**What to produce**
Provide a verbatim copy of all the records below, leaving the images out.

========================================

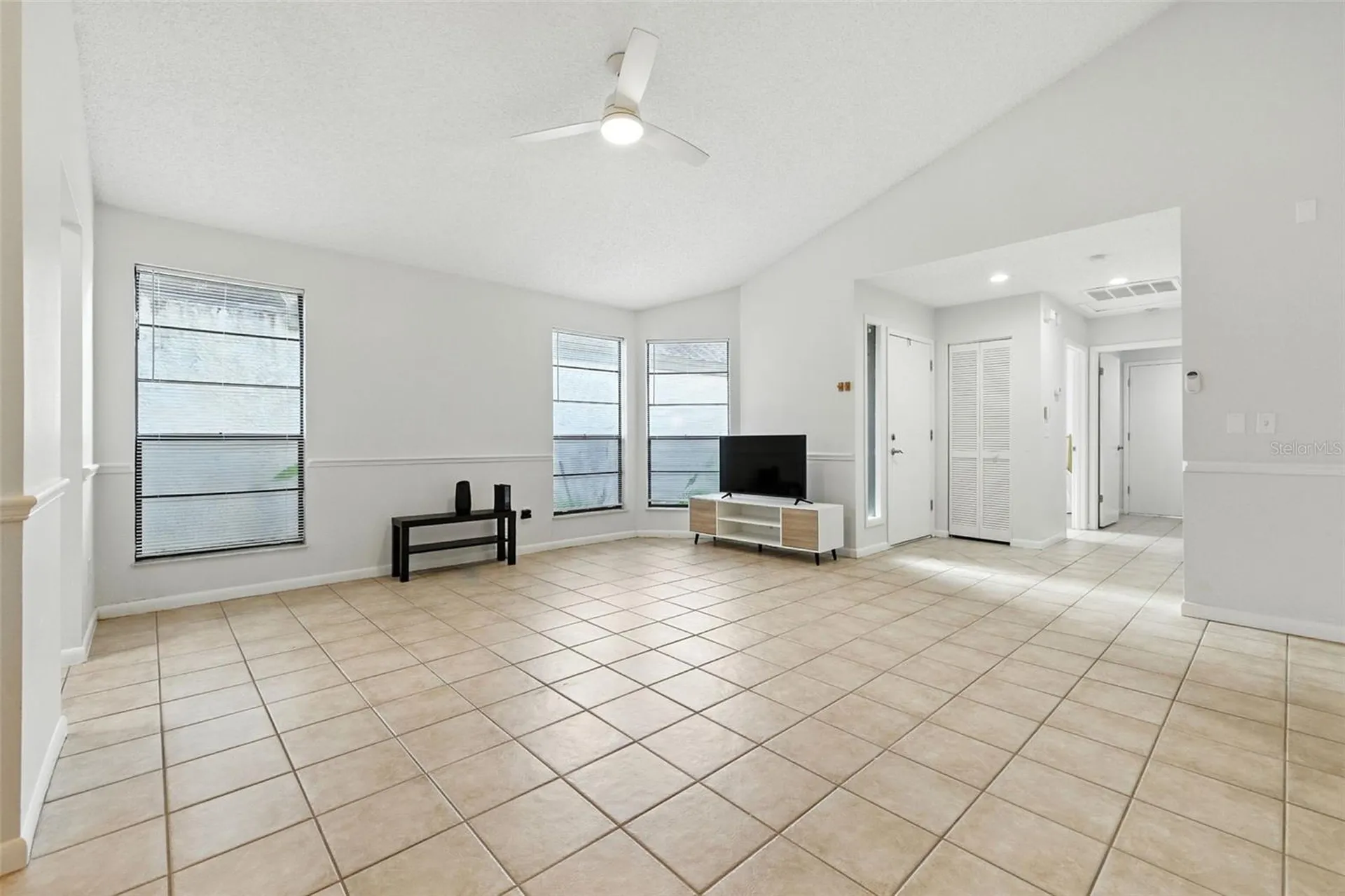 4404 Oak Harbor Drive Tampa FL 33613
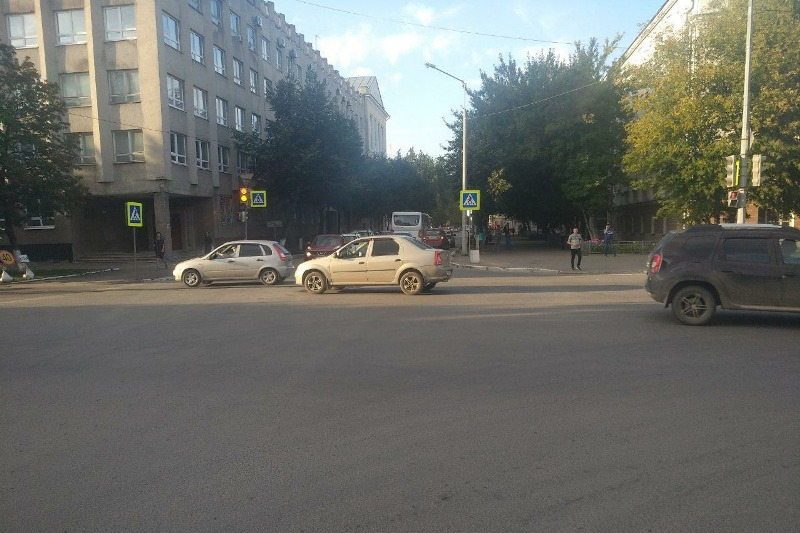 Полицейские ищут очевидцев ДТП на Ленинском проспекте в Йошкар-Олы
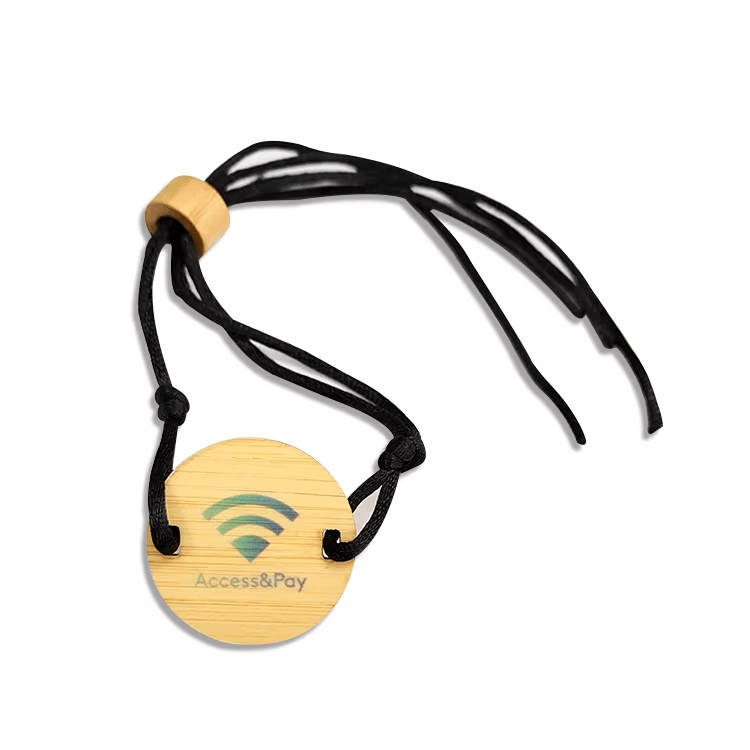 RFID brățări personalizate din lemn pentru hoteluri și evenimente afișate cu accent pe plata fără numerar pentru proiectele de carduri din lemn.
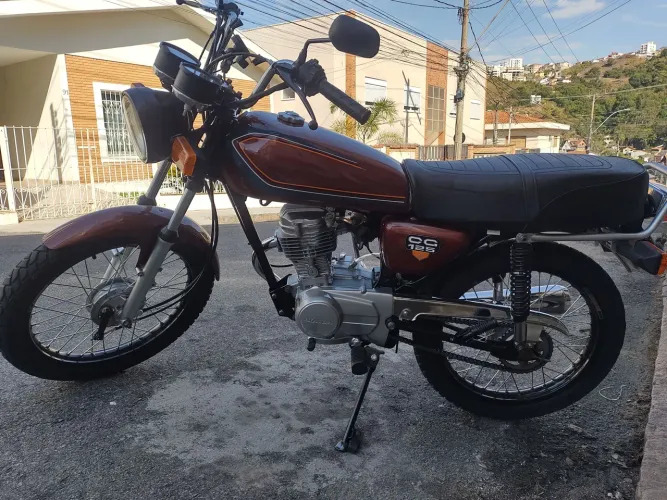 Vendo cg 1981, motocicleta revisada e em algumas partes restauradas.
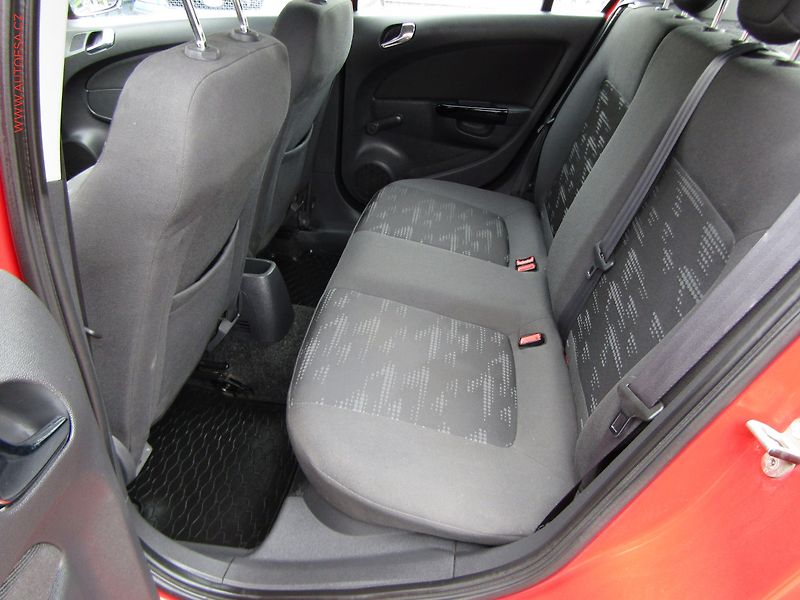 Opel Corsa (2014) 1.2i, ČR, AT, AC - fotka 10 z 16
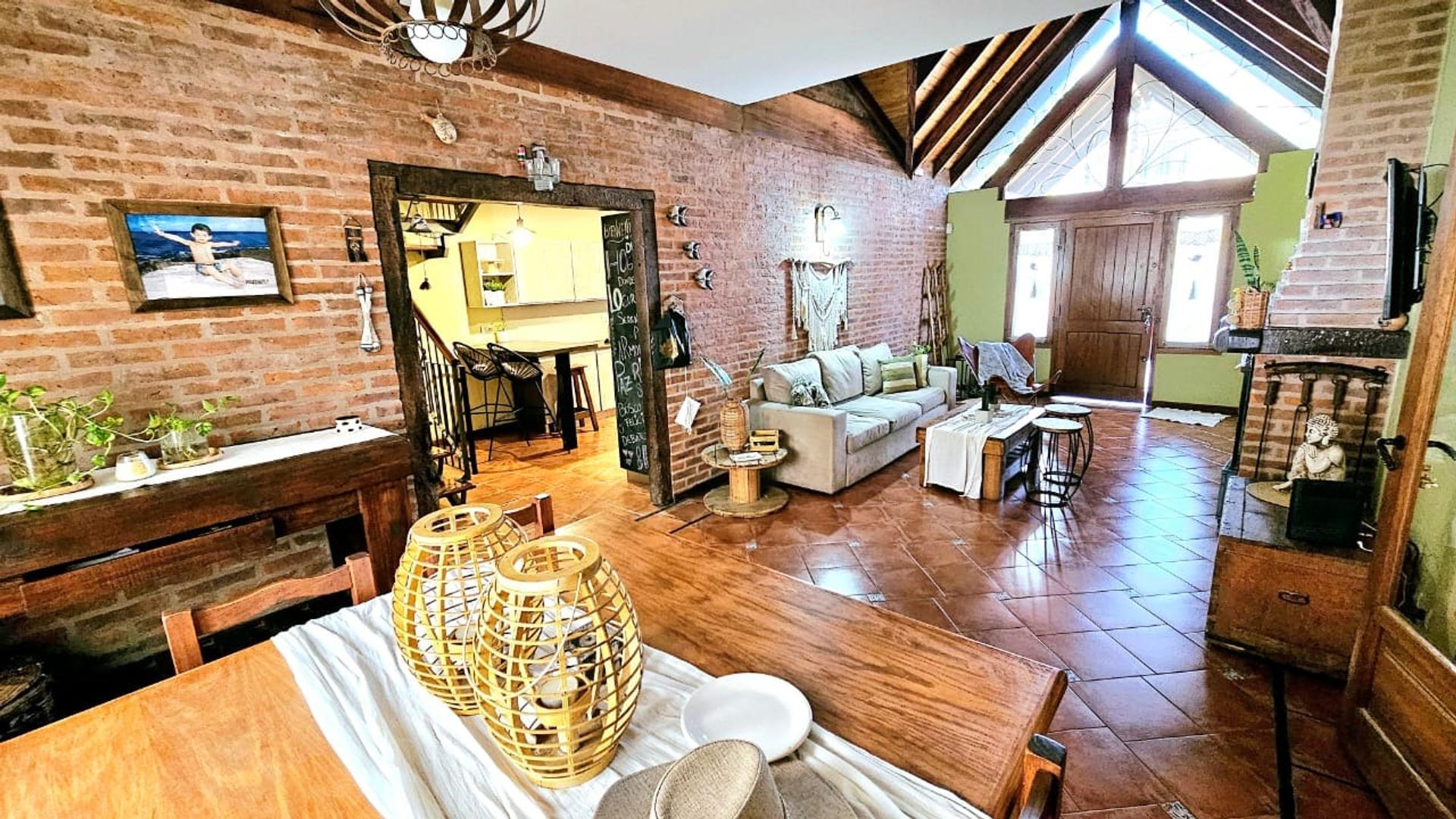 CASA EN LOTE PROPIO EN VENTA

========================================

**Final answer**
 4404 Oak Harbor Drive Tampa FL 33613
 Полицейские ищут очевидцев ДТП на Ленинском проспекте в Йошкар-Олы
 RFID brățări personalizate din lemn pentru hoteluri și evenimente afișate cu accent pe plata fără numerar pentru proiectele de carduri din lemn.
 Vendo cg 1981, motocicleta revisada e em algumas partes restauradas.
 Opel Corsa (2014) 1.2i, ČR, AT, AC - fotka 10 z 16
 CASA EN LOTE PROPIO EN VENTA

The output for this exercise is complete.